However, Ma et al. teaches wherein the plurality of sub-classifiers are automatically determined using a confusion matrix (pg. 7 [0070]: “In an operation 220, an eleventh indicator may include specified values for one or more of the hyperparameters and/or specified values for an automatic tuning method (autotune option) associated with each of the plurality of predictive type models...To reduce the effort in adjusting these hyperparameters, an automatic tuning process may be used to identify the best settings for the hyperparameters though the hyperparameters may optionally be selected as an input option by a user. An optimization algorithm (tuner) searches for the best possible combination of values of the hyperparameters while trying to minimize an objective function. The objective function is a validation error estimate (e.g., misclassification error for nominal targets or average square error for interval targets). The tuning process includes multiple iterations with each iteration typically involving multiple objective function evaluations” teaches autotuning a plurality of predictive type models, which corresponds to automatically determining sub-classifiers, based on misclassification error; pg. 2-3 [0031]: “The confusion matrix shows the number (count) of correct and incorrect predictions compared to a ground truth based on input dataset 124, which correctly indicates whether or not the event has or has not occurred” teaches a confusion matrix is used to represent the misclassification error information, thus rendering the determination of the models uses a confusion matrix (also see Table I)).

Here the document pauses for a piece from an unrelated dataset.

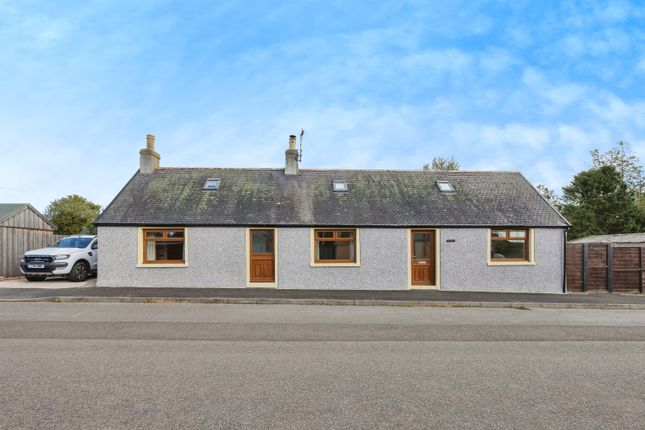 Thumbnail Bungalow for sale in Main Street, Luthermuir, Laurencekirk, Aberdeenshire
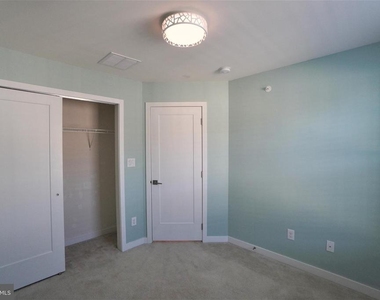 6 Manchester Drive - Photo Thumbnail 30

It would have been obvious for one of ordinary skill in the arts before the effective filing date of the claimed invention to incorporate wherein the plurality of sub-classifiers are automatically determined using a confusion matrix as taught by Ma et al. to the disclosed invention of Abdel-Reheem et al. in view of Le et al.
One of ordinary skill in the arts would have been motivated to make this modification in order to leverage “an automatic tuning process” of models based on the misclassification error, as represented by a confusion matrix, “[t]o reduce the effort in adjusting these hyperparameters” (Ma et al. pg. 7 [0070]; pg. 2-3 [0031]).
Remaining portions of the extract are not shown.